5. Le législateur a institué, par la loi du 17 août 2015, la possibilité, d'une part, pour le membre titulaire d'une délégation unique du personnel, de cumuler sur une période n'excédant pas douze mois les heures de délégation qui lui sont accordées mensuellement au titre des attributions dévolues aux délégués du personnel, au comité d'entreprise et au comité d'hygiène, de sécurité et des conditions de travail, sous réserve de ne pas disposer, dans le mois, de plus d'une fois et demie le crédit d'heures de délégation dont il bénéficie, et, d'autre part, pour les membres titulaires d'une telle délégation, à condition d'en informer l'employeur, de répartir chaque mois entre eux et avec leurs suppléants ces heures de délégation, sous réserve qu'aucun membre ne dispose, dans le mois, de plus d'une fois et demie le crédit d'heures de délégation dont bénéficie un membre titulaire. En prévoyant que le recours à cette possibilité devait être précédé, tant en ce qui concerne le cumul que la répartition des heures de délégation, d'une information préalable à l'employeur " au plus tard huit jours avant la date prévue pour leur utilisation ", le pouvoir réglementaire s'est borné à prévoir les modalités de mise en oeuvre des garanties instituées par la loi. Ce faisant, et alors même que le 2° de l'article L. 2326-6 du code du travail ne renvoie pas expressément au décret en Conseil d'Etat la détermination des conditions de l'utilisation mutualisée des heures de délégation, il n'est pas intervenu dans le domaine de la loi et n'a pas excédé sa compétence.
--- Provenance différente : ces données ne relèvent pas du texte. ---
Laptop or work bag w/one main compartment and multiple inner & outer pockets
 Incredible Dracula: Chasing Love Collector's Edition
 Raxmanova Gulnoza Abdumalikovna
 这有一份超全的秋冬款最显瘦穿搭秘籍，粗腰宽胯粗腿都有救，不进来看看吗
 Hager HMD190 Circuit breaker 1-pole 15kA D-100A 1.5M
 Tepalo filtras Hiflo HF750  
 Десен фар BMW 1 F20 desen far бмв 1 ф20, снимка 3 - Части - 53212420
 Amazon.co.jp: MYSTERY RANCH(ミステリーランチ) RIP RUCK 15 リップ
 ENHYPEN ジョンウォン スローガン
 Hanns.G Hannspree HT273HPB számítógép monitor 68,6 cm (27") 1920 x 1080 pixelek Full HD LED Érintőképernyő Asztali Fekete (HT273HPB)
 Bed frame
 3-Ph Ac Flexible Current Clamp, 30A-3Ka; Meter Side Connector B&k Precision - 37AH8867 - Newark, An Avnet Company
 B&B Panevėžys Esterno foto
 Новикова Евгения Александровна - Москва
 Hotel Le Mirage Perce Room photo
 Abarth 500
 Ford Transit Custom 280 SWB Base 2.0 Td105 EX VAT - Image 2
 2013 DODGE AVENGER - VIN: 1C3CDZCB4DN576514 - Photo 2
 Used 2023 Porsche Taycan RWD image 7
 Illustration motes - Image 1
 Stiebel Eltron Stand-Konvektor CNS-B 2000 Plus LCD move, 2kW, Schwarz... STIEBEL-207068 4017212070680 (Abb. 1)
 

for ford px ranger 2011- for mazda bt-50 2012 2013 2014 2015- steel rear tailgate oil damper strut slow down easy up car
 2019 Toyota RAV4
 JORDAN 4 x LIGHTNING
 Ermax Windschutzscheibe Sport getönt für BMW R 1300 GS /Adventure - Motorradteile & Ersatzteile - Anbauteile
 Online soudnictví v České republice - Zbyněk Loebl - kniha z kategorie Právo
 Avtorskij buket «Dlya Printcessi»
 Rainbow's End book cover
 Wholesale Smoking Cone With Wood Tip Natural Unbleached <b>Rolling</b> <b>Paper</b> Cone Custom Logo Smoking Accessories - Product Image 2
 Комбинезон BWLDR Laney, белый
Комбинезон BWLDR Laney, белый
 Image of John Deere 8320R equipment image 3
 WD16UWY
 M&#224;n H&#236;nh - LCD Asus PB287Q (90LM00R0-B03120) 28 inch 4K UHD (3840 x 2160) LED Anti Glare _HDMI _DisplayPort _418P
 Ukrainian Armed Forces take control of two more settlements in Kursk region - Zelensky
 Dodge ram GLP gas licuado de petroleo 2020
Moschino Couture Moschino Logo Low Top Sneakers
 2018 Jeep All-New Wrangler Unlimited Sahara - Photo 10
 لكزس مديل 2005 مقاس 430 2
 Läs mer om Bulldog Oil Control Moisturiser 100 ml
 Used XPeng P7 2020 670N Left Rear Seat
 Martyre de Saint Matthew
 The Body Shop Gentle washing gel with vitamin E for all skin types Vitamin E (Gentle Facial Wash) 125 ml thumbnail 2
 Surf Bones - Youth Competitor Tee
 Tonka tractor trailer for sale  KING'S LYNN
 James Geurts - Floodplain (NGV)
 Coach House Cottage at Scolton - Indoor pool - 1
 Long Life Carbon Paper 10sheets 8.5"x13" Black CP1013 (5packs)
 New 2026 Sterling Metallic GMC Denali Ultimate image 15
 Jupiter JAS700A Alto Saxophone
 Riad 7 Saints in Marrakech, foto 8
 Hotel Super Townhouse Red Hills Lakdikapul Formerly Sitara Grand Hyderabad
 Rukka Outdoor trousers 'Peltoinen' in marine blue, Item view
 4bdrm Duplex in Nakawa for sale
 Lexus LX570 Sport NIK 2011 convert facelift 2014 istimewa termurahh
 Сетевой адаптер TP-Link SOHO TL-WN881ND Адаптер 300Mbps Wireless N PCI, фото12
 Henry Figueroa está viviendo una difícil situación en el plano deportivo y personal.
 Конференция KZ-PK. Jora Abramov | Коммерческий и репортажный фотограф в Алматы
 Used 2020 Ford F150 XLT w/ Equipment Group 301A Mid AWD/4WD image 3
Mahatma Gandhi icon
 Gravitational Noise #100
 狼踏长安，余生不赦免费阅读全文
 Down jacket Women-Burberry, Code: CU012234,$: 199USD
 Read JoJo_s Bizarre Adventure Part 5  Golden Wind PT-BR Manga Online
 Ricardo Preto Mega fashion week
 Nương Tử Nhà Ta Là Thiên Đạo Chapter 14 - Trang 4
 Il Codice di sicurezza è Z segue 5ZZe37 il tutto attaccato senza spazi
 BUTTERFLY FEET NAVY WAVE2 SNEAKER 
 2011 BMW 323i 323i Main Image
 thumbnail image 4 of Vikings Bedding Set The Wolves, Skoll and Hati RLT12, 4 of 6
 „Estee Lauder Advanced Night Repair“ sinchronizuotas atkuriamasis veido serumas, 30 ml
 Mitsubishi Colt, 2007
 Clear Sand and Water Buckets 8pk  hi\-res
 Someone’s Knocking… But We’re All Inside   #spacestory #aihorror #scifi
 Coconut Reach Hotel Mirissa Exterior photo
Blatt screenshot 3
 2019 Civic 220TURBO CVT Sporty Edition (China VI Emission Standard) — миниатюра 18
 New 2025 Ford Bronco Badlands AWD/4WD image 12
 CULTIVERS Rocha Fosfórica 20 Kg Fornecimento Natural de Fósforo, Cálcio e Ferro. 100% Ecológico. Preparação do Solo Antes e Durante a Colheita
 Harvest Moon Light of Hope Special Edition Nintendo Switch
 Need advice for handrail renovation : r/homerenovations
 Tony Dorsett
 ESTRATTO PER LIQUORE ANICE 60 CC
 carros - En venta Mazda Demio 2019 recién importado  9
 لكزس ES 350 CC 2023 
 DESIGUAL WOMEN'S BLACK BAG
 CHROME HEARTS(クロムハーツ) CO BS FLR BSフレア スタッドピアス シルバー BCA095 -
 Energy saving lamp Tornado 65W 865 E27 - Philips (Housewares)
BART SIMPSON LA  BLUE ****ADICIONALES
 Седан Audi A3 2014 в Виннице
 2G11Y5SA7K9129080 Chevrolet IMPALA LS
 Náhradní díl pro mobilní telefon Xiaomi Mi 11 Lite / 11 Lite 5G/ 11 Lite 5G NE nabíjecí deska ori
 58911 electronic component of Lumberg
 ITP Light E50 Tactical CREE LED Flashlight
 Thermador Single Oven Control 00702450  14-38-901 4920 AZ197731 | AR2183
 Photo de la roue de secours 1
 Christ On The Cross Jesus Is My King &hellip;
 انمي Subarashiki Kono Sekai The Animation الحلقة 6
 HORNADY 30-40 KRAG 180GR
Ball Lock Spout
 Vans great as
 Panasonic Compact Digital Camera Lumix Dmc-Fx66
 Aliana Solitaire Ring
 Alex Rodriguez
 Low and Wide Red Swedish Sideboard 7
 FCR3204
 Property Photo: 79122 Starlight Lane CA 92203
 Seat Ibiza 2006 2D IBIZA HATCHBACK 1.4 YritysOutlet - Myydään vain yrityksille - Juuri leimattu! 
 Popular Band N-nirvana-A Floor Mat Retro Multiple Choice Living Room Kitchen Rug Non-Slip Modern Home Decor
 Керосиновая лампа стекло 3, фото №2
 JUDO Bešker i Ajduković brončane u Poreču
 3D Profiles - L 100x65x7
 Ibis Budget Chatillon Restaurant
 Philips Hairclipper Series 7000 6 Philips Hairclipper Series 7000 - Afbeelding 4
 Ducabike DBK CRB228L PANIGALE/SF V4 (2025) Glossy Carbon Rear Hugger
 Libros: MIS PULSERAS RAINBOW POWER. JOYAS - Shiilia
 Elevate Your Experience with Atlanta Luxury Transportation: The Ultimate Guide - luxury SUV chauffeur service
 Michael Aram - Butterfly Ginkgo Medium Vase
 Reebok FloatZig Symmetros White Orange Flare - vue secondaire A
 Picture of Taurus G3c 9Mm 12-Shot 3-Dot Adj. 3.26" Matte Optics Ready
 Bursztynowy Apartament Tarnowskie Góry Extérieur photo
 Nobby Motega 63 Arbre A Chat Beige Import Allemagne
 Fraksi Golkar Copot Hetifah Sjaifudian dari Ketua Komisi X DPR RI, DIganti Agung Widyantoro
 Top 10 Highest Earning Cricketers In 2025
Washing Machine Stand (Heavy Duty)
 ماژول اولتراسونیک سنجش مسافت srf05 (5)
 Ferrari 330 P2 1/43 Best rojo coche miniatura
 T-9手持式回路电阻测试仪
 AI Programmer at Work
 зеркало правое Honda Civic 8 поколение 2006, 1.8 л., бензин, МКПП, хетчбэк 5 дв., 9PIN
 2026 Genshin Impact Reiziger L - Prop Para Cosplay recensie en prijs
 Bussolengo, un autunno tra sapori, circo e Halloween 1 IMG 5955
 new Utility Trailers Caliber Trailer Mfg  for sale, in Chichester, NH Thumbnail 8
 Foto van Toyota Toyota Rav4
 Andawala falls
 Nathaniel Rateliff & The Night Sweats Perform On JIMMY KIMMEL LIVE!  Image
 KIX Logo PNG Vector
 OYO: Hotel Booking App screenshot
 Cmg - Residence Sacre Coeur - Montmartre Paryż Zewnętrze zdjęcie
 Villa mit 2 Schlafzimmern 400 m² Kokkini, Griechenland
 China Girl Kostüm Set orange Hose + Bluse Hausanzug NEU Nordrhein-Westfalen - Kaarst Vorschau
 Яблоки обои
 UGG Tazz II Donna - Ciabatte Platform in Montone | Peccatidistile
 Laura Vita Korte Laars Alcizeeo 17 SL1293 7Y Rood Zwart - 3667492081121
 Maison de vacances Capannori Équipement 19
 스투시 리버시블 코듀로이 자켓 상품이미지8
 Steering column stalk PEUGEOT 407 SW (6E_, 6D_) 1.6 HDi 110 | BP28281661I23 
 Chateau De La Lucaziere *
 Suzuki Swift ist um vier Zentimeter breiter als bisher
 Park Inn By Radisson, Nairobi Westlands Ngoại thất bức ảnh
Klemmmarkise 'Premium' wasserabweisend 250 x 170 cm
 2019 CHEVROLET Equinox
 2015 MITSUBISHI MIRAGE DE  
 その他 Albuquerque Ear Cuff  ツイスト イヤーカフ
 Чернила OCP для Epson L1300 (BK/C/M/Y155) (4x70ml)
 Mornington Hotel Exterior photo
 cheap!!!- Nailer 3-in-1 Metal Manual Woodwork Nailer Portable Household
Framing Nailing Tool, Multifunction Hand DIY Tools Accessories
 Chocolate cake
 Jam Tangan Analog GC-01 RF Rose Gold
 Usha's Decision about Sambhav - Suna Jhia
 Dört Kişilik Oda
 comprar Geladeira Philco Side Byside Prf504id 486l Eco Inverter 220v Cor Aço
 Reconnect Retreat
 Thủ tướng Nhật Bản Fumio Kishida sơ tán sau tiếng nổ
6. En deuxième lieu, en fixant à huit jours ce délai de prévenance, qui n'avait pas à être précédé d'une procédure de concertation et qu'il n'a institué que pour l'utilisation des heures de délégation selon les modalités dérogatoires, par voie de cumul ou de répartition, ouvertes par l'article L. 2326-6, qui peuvent conduire un membre titulaire ou suppléant de la délégation à disposer, dans le mois, d'un crédit d'heure de délégation atteignant jusqu'à une fois et demie celui dont bénéficie normalement un membre titulaire, il n'a, eu égard aux répercussions sur le bon fonctionnement de l'entreprise qu'est susceptible d'avoir l'utilisation des heures de délégation au-delà du crédit auquel l'employeur peut normalement s'attendre, ni porté aux droits des membres de la délégation unique du personnel une atteinte disproportionnée au regard de l'objectif poursuivi, ni méconnu les objectifs de la loi qu'il avait pour mission d'appliquer, ni commis d'erreur manifeste d'appréciation.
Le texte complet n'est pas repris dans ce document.